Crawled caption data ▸
════

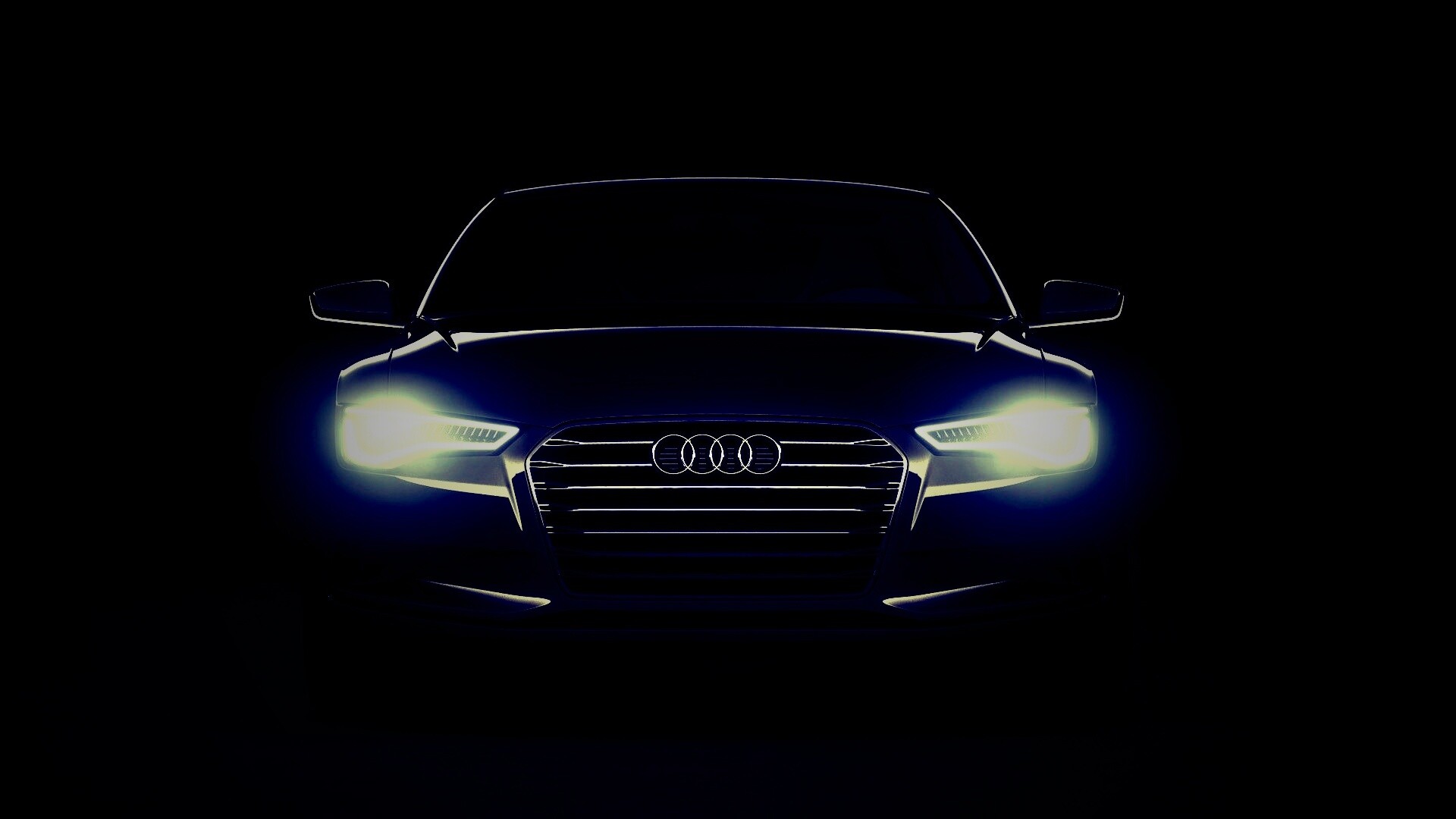 Audi A7 обои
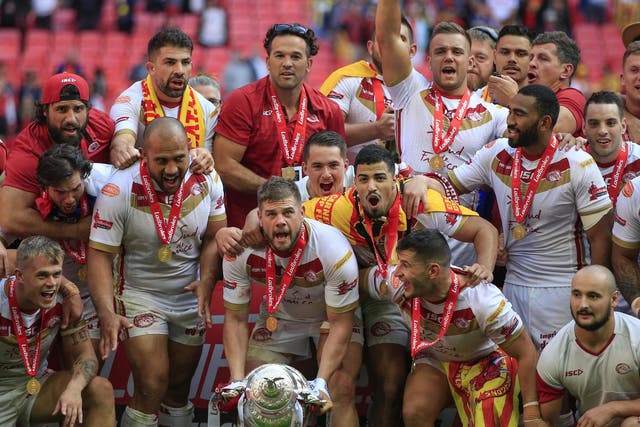 Catalans’ 20-14 win against Warrington Wolves at Wembley Stadium marked the end of a journey that has had many beginnings
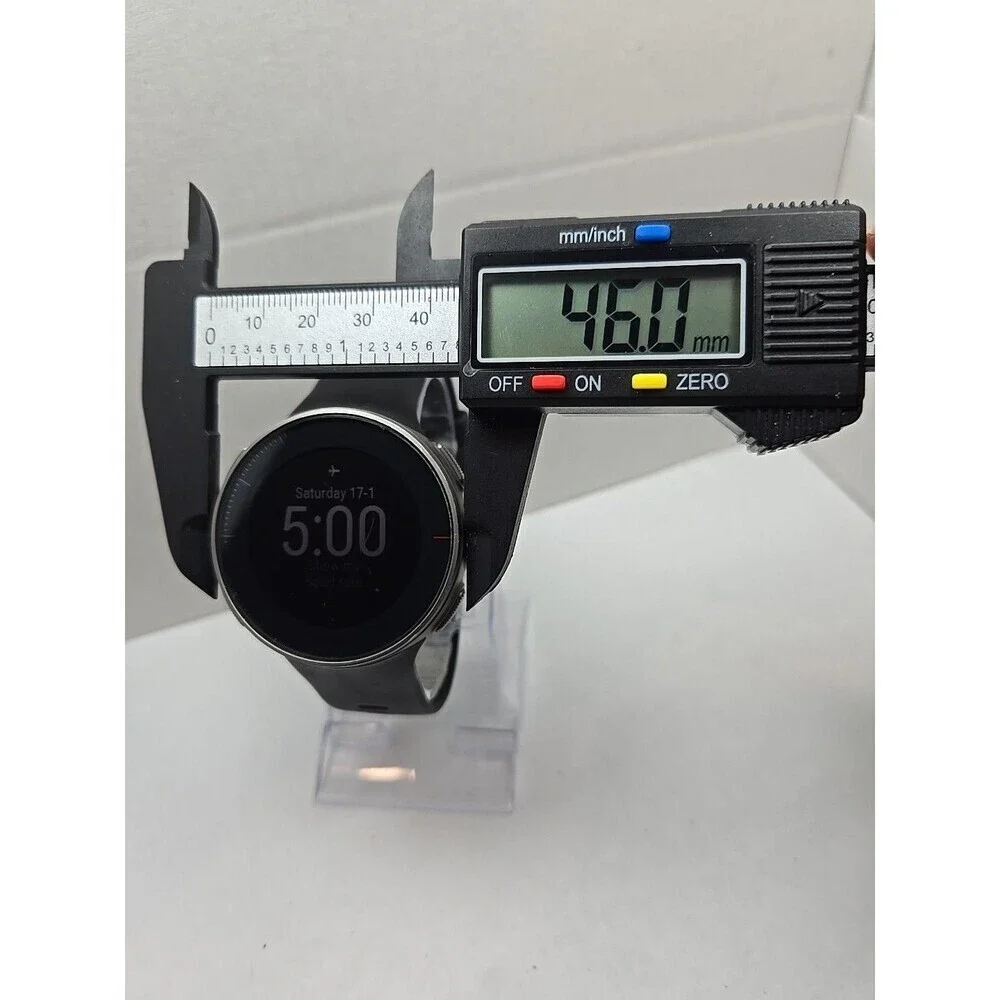Polar Vantage V Multisport GPS Watch Heart Rate Fitness Tracker Black No Charger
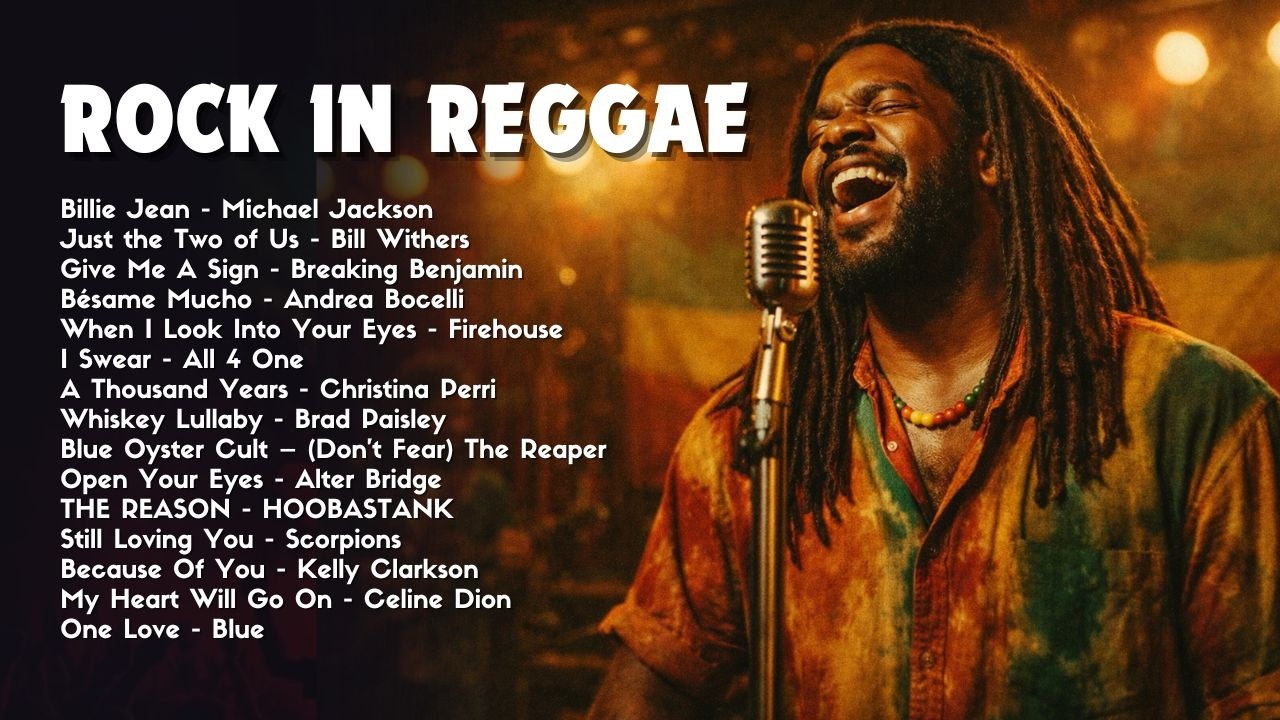 Michael Jackson, Bill Withers, Breaking Benjamin, Andrea Bocelli & Firehouse – Rock In Reggae Chill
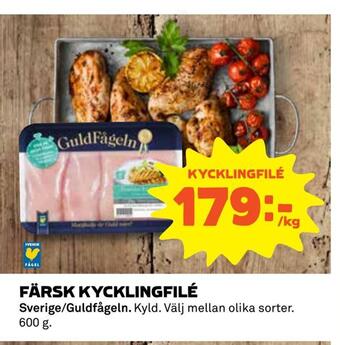 Coop Färsk kycklingfilé erbjuda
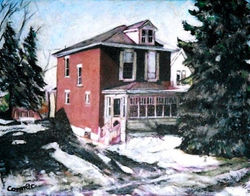 red brick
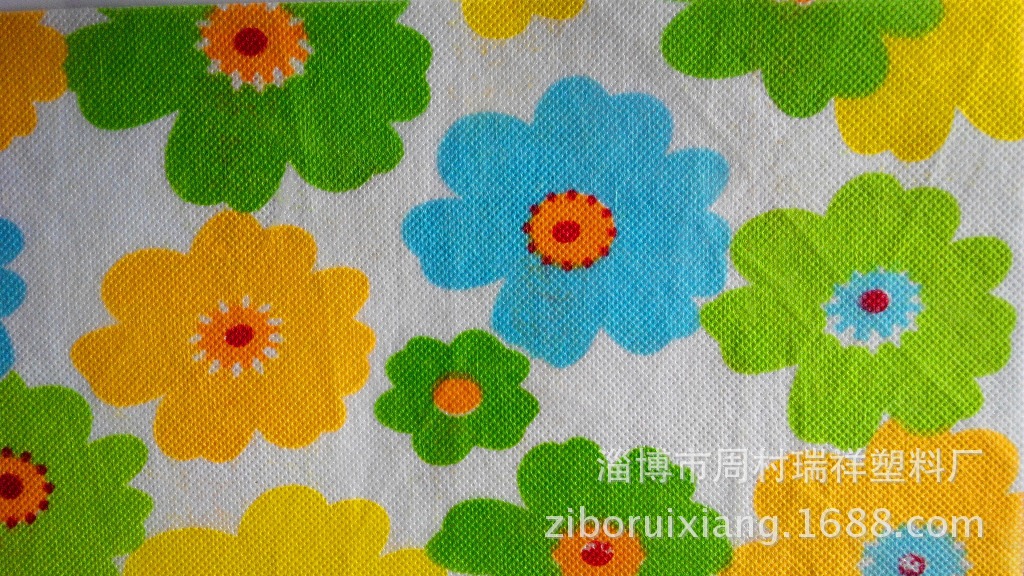 無(wú)紡布套色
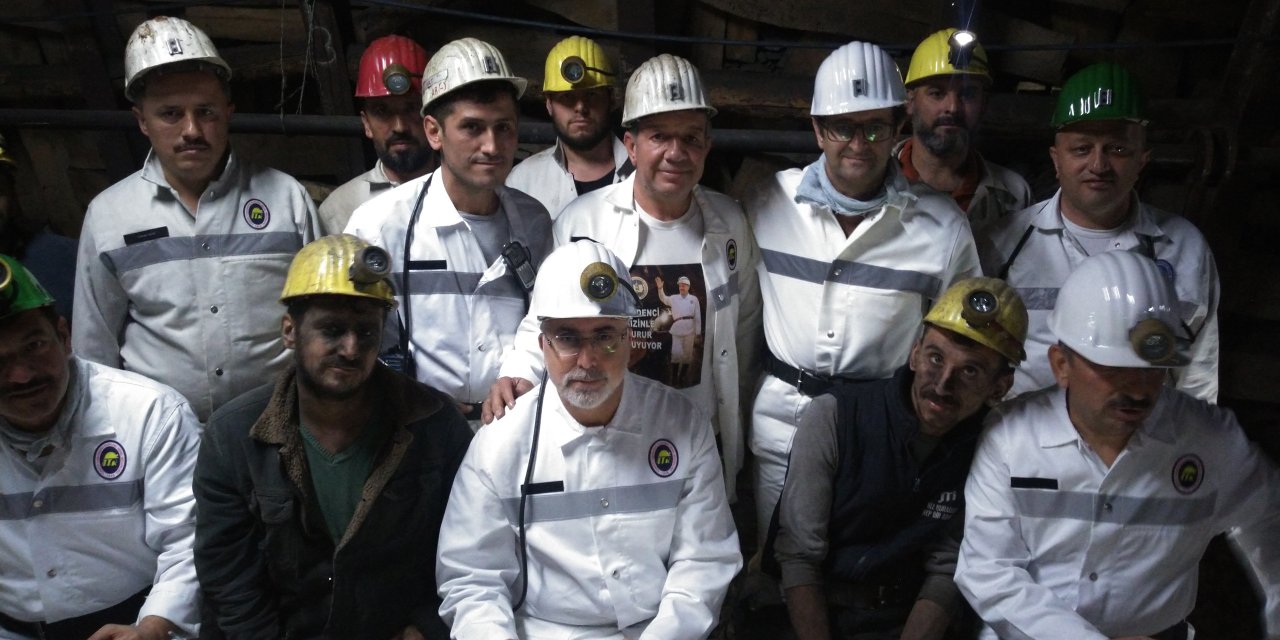 Bakan Işıkhan, Zonguldak'ta 1 İşçinin Öldüğü Madeni Ziyaret Etti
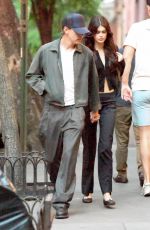 KAIA GERBER and Austin Butler Out for Dinner in New York 05/25/2024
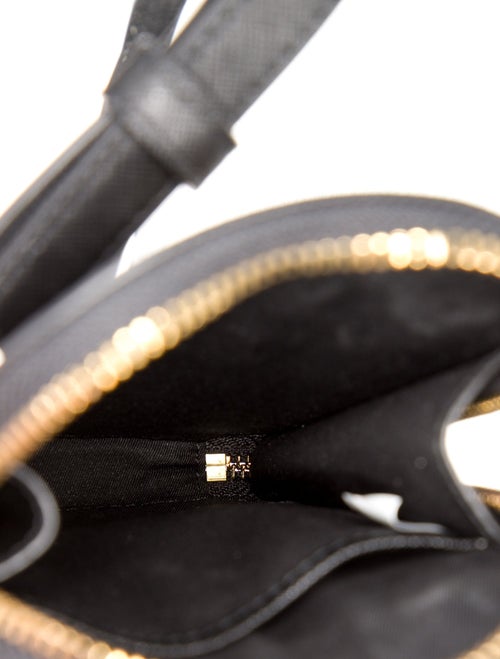 Tory Burch Saffiano Leather Messenger Bag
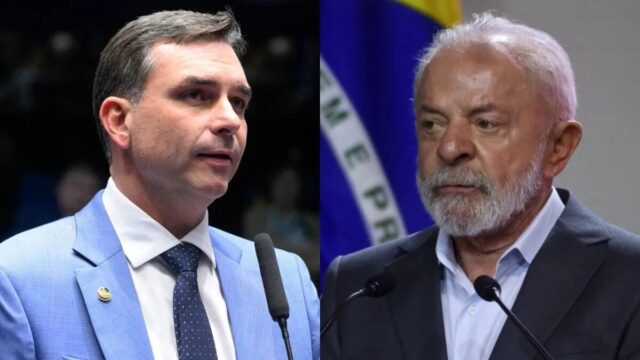 Datafolha: Flávio Bolsonaro é rejeitado por 46%; Lula, por 45%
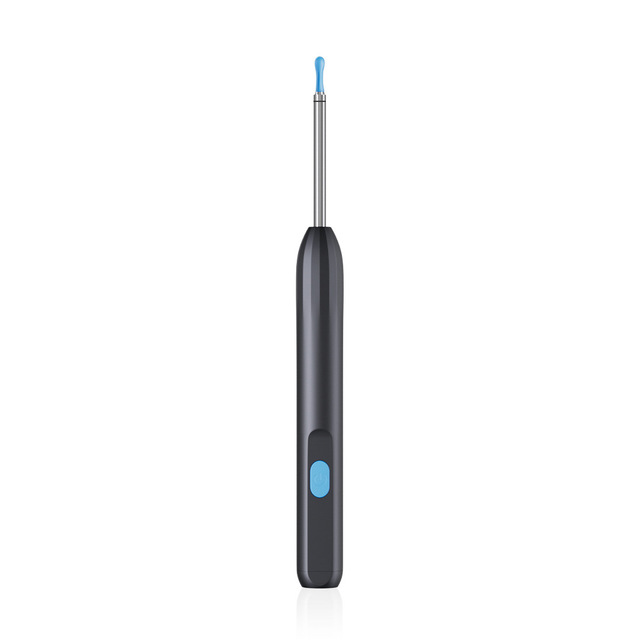 Wholesale V87 PRO Smart Visual Ear Picker Ear Wax Removal HD Otoscope 6 Axis Gyroscope Wireless Ear Cleaner With Silicone Tips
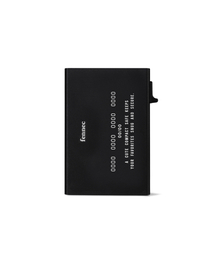FENNEC（フェネック）の「MAC SAFE CARD SLOT - BLACK（札入れ/マネークリップ）」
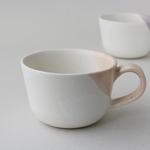 【訳あり】スープカップ（ピンク）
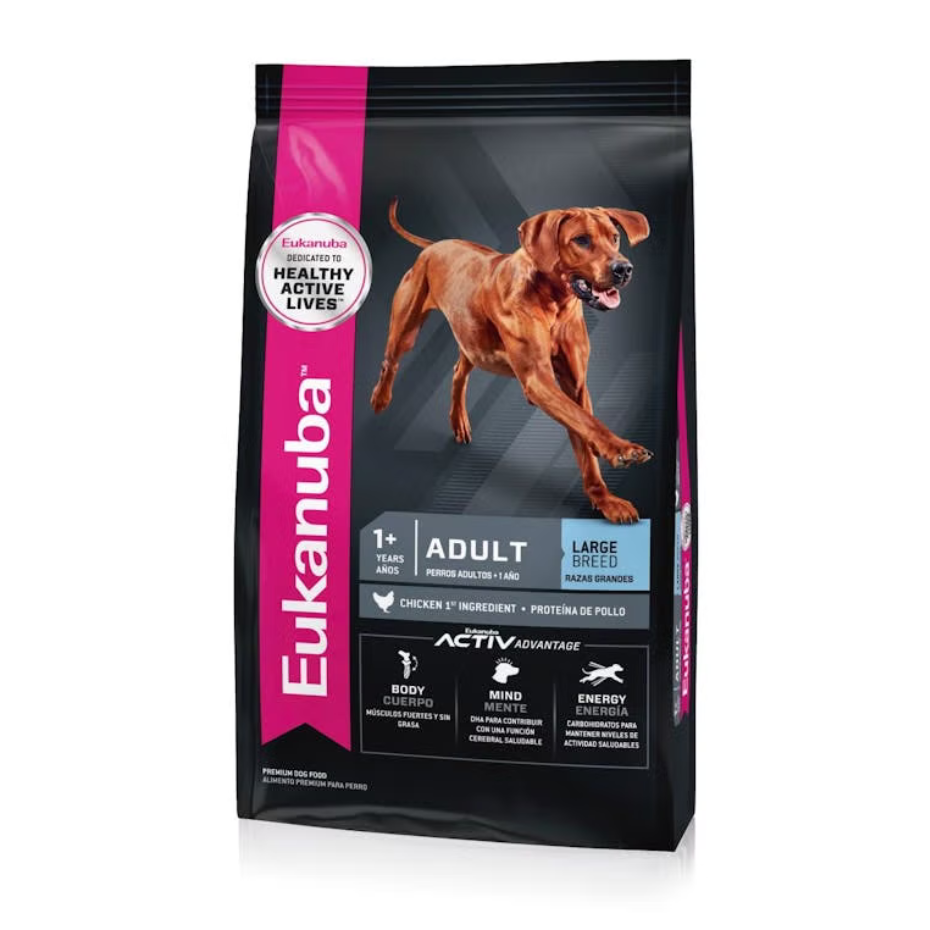 Bolsa de alimento Eukanuba Adult Large Breed para perros adultos de razas grandes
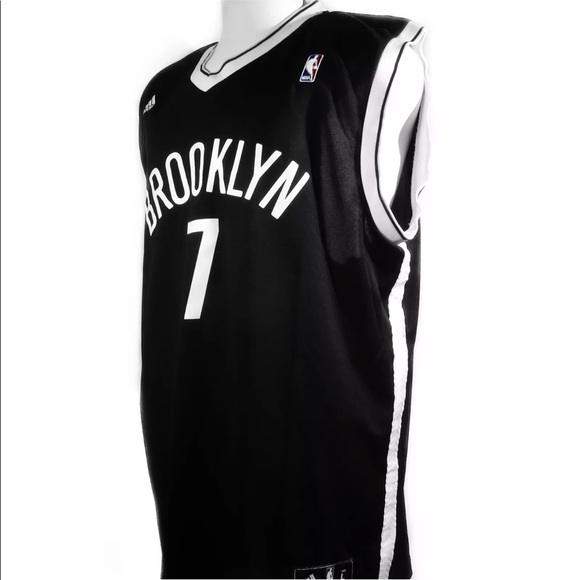 Brooklyn Nets Joe Johnson #7 Replica Jersey Adidas - Picture 1 of 4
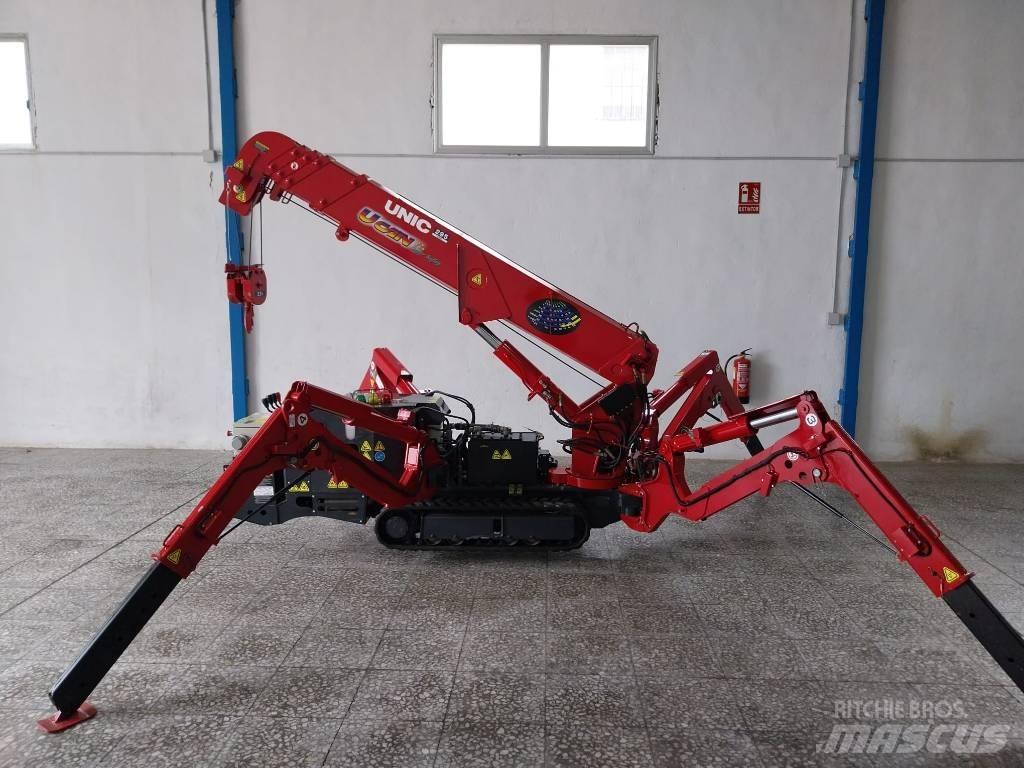 Unic URW 295 Мини-краны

════

EXERCISE ▸ Would you restate word for word only the lines from the line with "Brooklyn Nets Joe" to the last line above, with the pictures left out?

TASK RESPONSE ▸
 Brooklyn Nets Joe Johnson #7 Replica Jersey Adidas - Picture 1 of 4
 Unic URW 295 Мини-краны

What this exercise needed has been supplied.